The life of the word "coach" in Britain falls into two distinct periods. Before and After Venables. In the managerial golden age of 1966, no one would ever think of calling Sir Alf Ramsey "coach". He was manager as God. A coach was something the England team travelled to Wembley in. The team had a coach or coaches on the field, too, and worthy men they were, running on with buckets and sponges. But the manager - the generalissimo, the maestro - was there to supervise tactics, strategy, formation, destiny.
Even Graham Taylor was still a manager. Then Terry Venables took over and "manager" was out and "coach" was in. Maybe it had something to do with potential legal complications. "Coach" had the virtue of deniability: if it all blew up, Venables, like some Mission Impossible agent, could be thrown to the sharks or the Sugars - hey, he was never really England manager anyway! Maybe it was modernisation. Taylor was the Stakhanovite, with his emphasis on sheer industry and productivity; Venables would give creativity and flair a chance. There was never any question of Glenn Hoddle becoming manager - he went straight in as coach. Coaches are taking over. Managers are not sexy.

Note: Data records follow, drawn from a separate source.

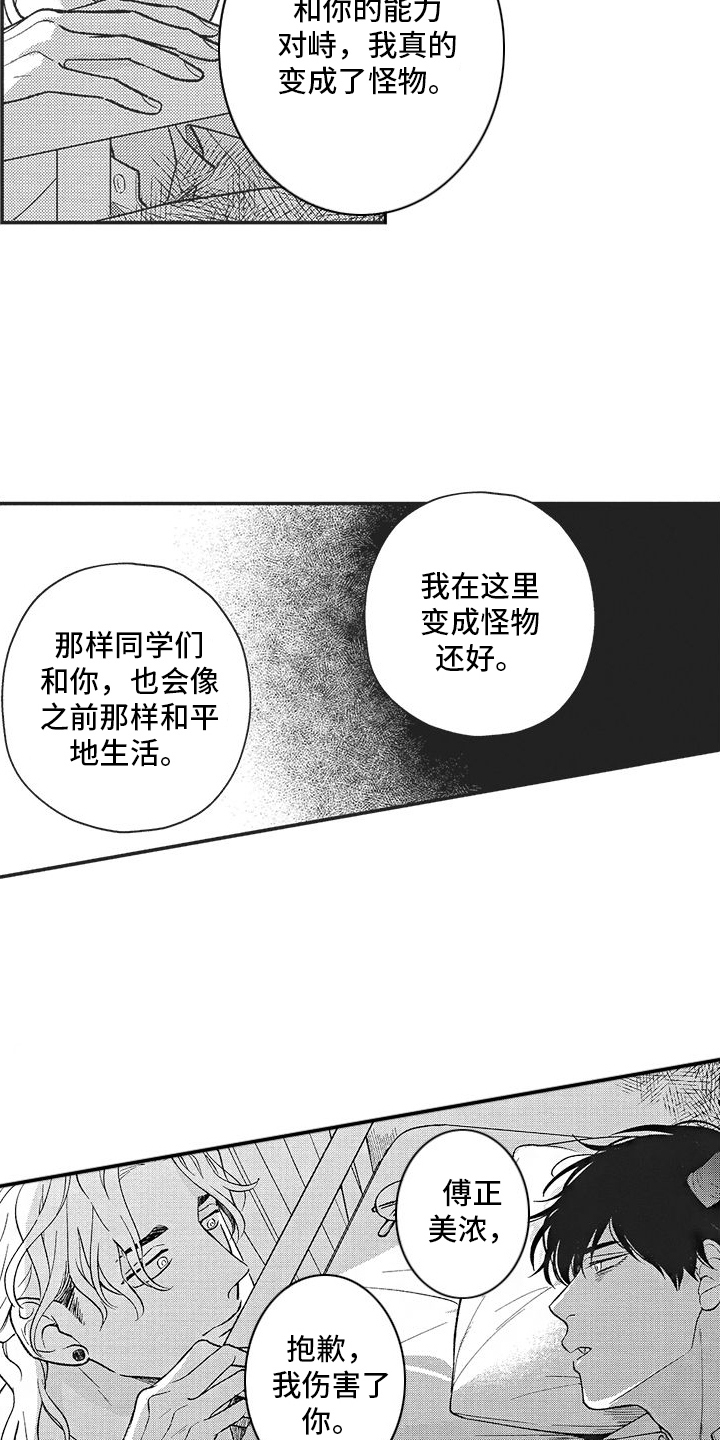 第8章：不是好人3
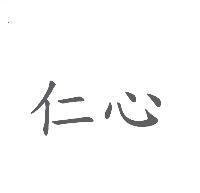 仁心
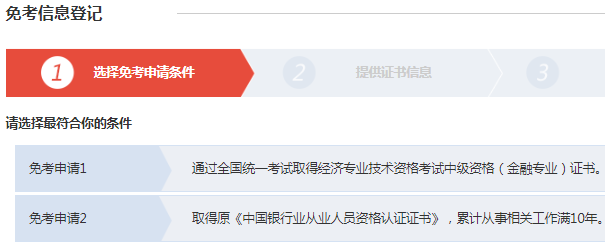 ������Ո(q��ng)���y�ИI(y��)���ɷ�Ҏ(gu��)�c�C����������Ŀ�⿼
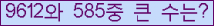 �Ʒ� ���ΰ�ħ�� Ŭ���� �ּ���.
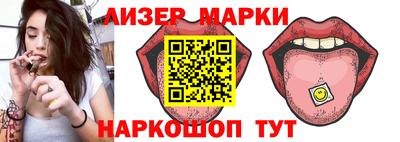 MDMA Premium VHQ Бузулук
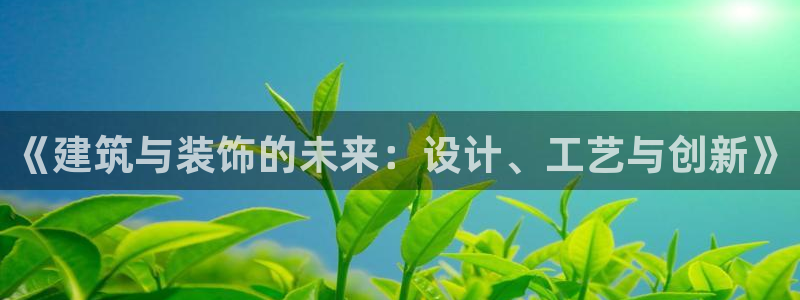 萧山娱乐新航母阿里巴巴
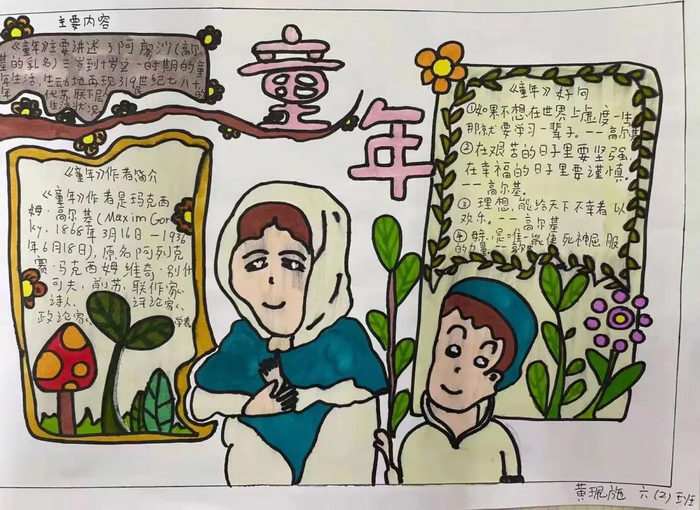 童年手抄报简单又漂亮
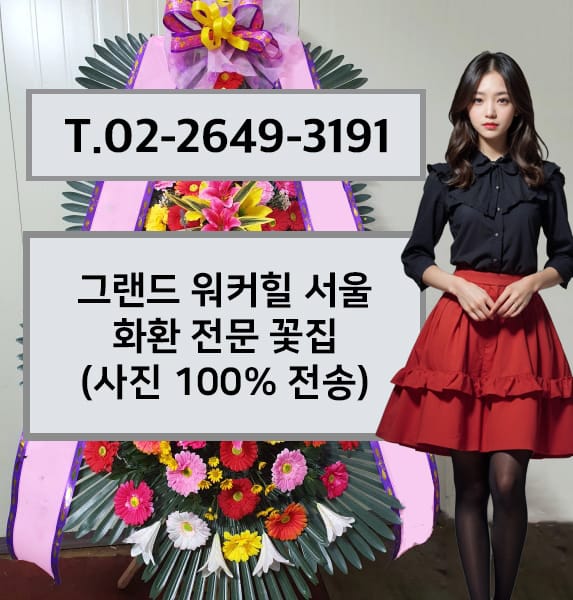 그랜드 워커힐 서울 전경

The word is an American re- import. There is a justification for this evolution. A coach is more hands-on, he does not fear getting his boots dirty. A coach wears a tracksuit not a suit and tie. Coach is classless.
Personally, I regret the passing of "manager", with its connotations of Ramseyian wisdom and vision and dignity. There is an element of nostalgia in this. But there is another drawback to the Americanism. In the television soap opera Cheers, "Coach" was an amiable, ageing imbecile.